Prononc. et Orth. : [e]. Seuls Littré et, apparemment, Fér. Crit. t. 2 1787 préconisent un timbre [ε], qui fait par ailleurs l'objet de mises en garde de la part de Land. 1834 et Gattel 1841. Le timbre [ε] est l'objet d'une recommandation ds Ac. dep. 1835. En tant qu'élément inaccentué, est assimilé par Grammont Prononc. 1958, p. 40, à une syll. non finale et, en tant que telle, ,,articulé comme l'é fermé accentué, mais avec diminution de l'effort organique``; v., quant à l'intensité, les indications ds Rouss.-Lacl. 1927, pp. 98, 99. Étymol. et Hist. 1. 842 coordonne des éléments de phrase (subst., adj., syntagmes) (Serments de Strasbourg, 1 ds Henry Chrestomathie t. 1, p. 2); figure devant le premier d'un groupe de termes coordonnés, renforçant la notion d'ensemble (ibid., 5, ibid. : et in aiudha et in cadhuna cosa); en tête d'une phrase, marque un enchaînement (ou une opposition) (ibid., 6, ibid.); 881 coordonne deux propositions (Eulalie, 28, ibid, p. 3); 2. ca 1100 en tête de phrase interrogative ou exclamative (Roland, éd.

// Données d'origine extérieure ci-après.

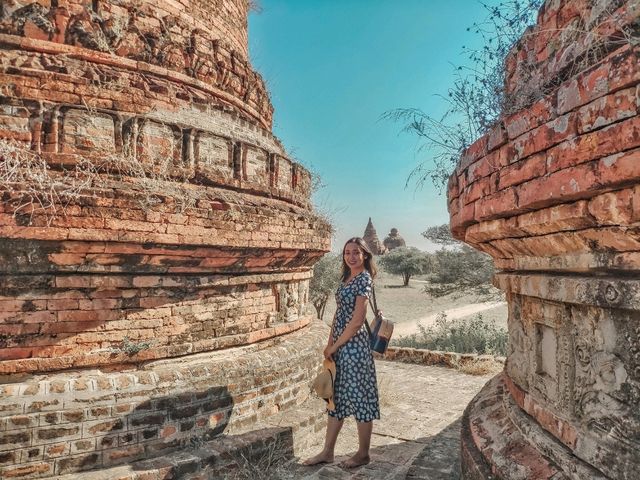 Chasing Temples and Sunsets in Magical Bagan 🌅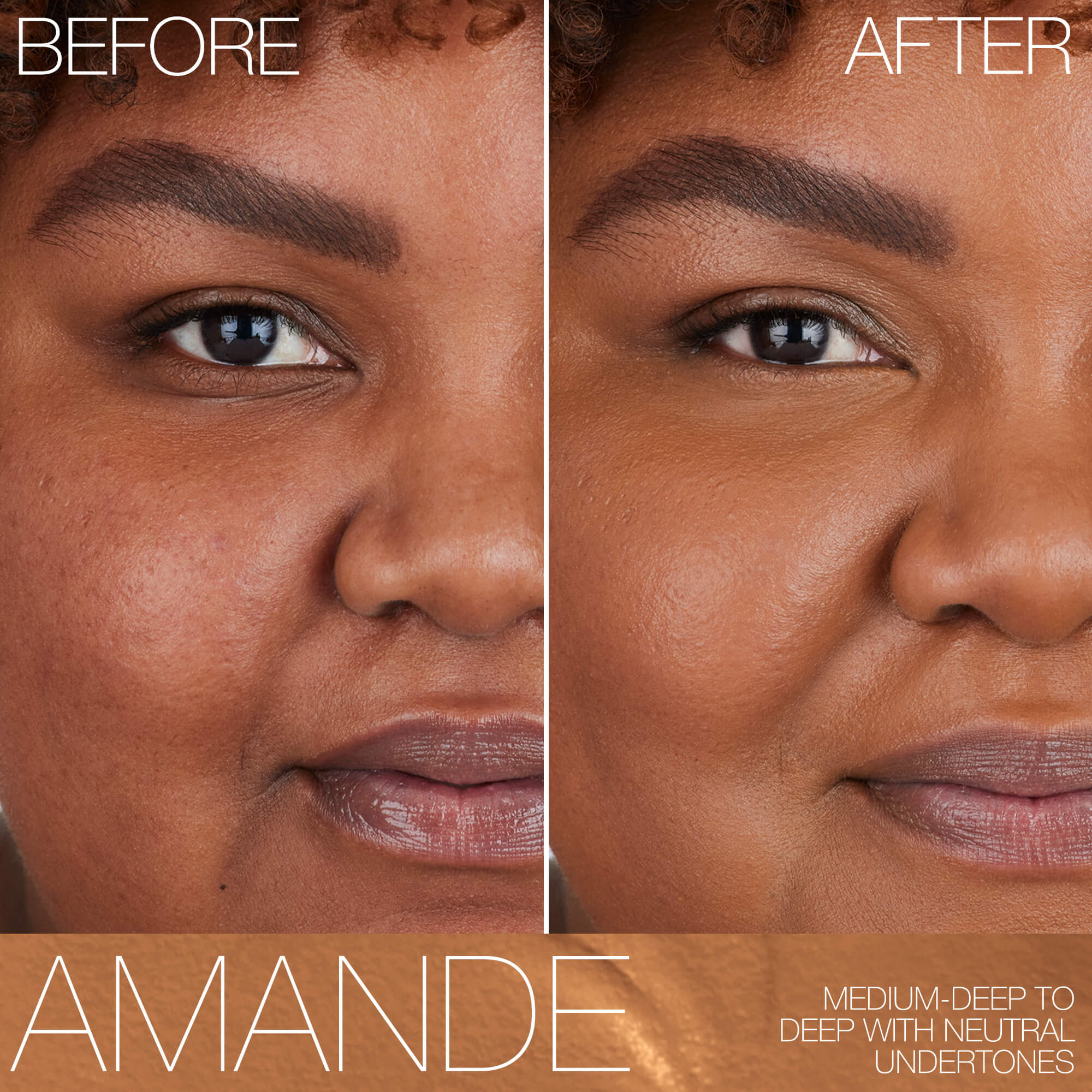 Soft-matte complete concealer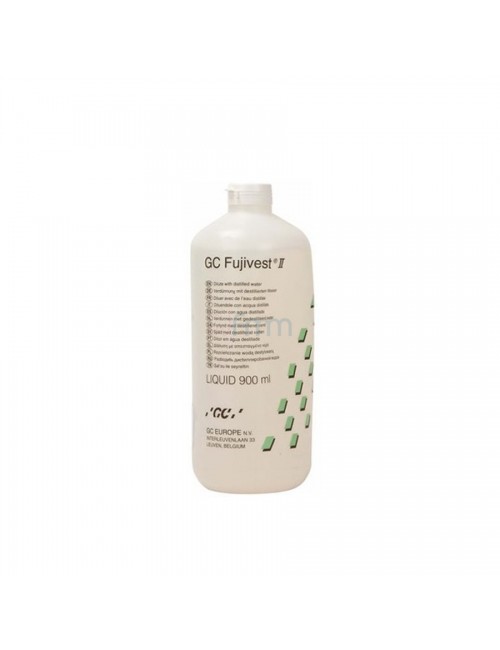 GC FUJIVEST II LIQUIDE 900 ML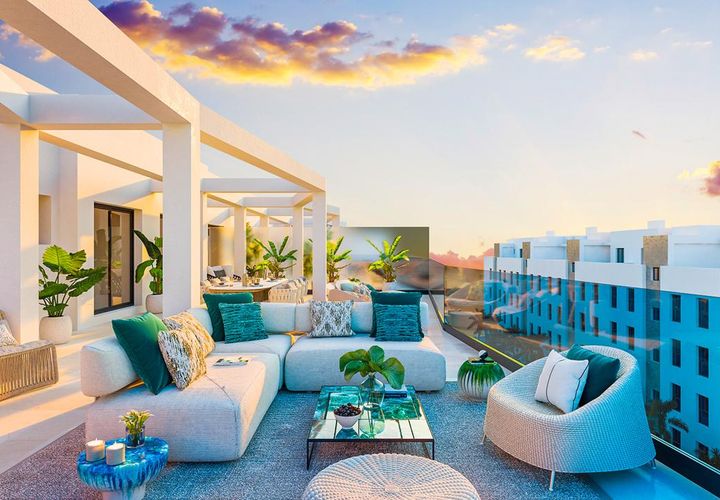 Penthouse i Mijas, Malaga, Mijas - € 700 000 | Ref: NMI004IIP3 - foto 1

J. Bédier, 748). Du lat. et conj. de coordination, exprimant le lien, le renforcement, l'opposition; fréq. en tête de phrases interr. ou exclamatives. Fréq. abs. littér. : 1 745 248. Fréq. rel. littér. : xixes. : a) 2 631 087, b) 2 620 959; xxes. : a) 2 470 605, b) 2 287 001. Bbg. Antoine (G.). La Coordination. Paris, 1959-1962, 2 vol., 701 + 1408 p. − Cohen 1946, p. 13, 22, 45. − Manoliu-Manea (M.). Les Conj. de coordination dans une gramm. transformationnelle rom. B. de la Soc. roum. de ling. rom. 1970, t. 7, pp. 5-20. − McA'Nulty (J.). Les Éléments non ordonnés de la struct. sous-jacente. Cah. Ling. Montréal, 1973, no3, pp. 1-37. − Mériz (D.). O.F. Imp(érative) + et/ou + imp. Two problems. In : [Mél. Solano (L.F.)]. Chapel Hill, 1970, pp. 141-151. − Mots dans le vent. Vie Lang. 1969, p. 332. − Pinchon (J.). Des Mots coordonnants. Fr. Monde. 1973, no96, pp. 49-50. − Rothenberg (M.). Les Prop. rel. à antécédent explicite... In : [Mél. Michéa (R.)]. Ét. Ling. appl. 1971, no2, pp. 112-113. − Sandmann (M.). Et de fermeture et et de continuation en fr. mod. In : [Mél. Burger (A.)]. Cah. F. Sauss. 1966, t. 23, pp. 151-164. − Tanquerey (F.J.). Et particule. In : [Mél. Pope (M.K.)]. Manchester, 1939, pp. 339-350. − Van Hout (G.). La Coordination. Cah. Ling. théor. appl. 1972, t. 9, p. 257.